| GIVEN RECORDS |
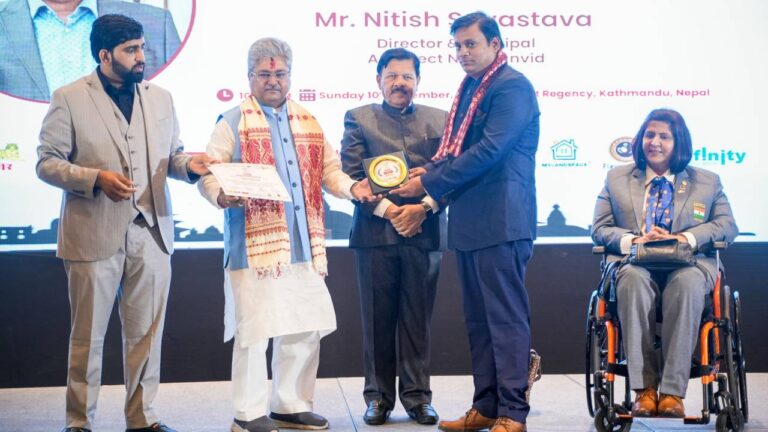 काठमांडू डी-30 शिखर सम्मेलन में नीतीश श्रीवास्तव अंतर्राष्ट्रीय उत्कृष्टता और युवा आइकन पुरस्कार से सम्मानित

==

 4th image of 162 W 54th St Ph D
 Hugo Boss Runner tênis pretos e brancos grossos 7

...

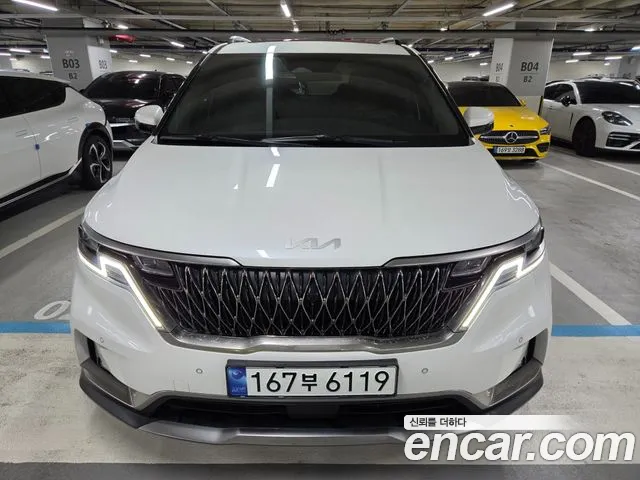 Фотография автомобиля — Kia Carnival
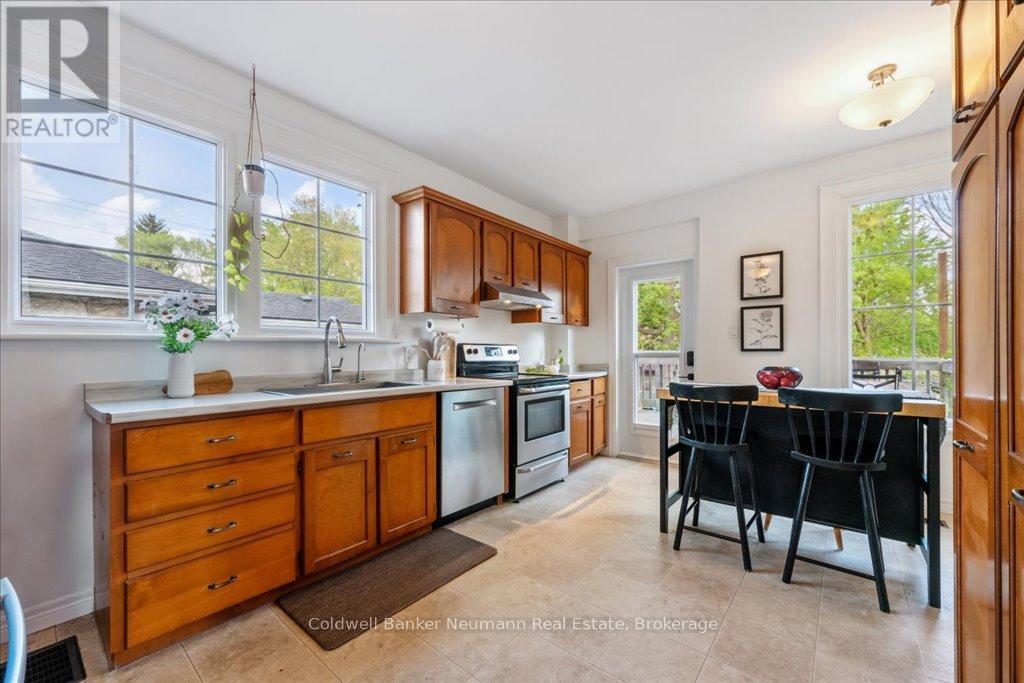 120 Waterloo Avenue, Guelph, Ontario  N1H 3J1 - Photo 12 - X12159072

| PROBLEM STATEMENT |
Extract exactly and only the lines above from the line containing "4th image of 162 W 54th St Ph D" through the line containing "Hugo Boss Runner", both end lines included.

| ANSWER SPACE |
 4th image of 162 W 54th St Ph D
 Hugo Boss Runner tênis pretos e brancos grossos 7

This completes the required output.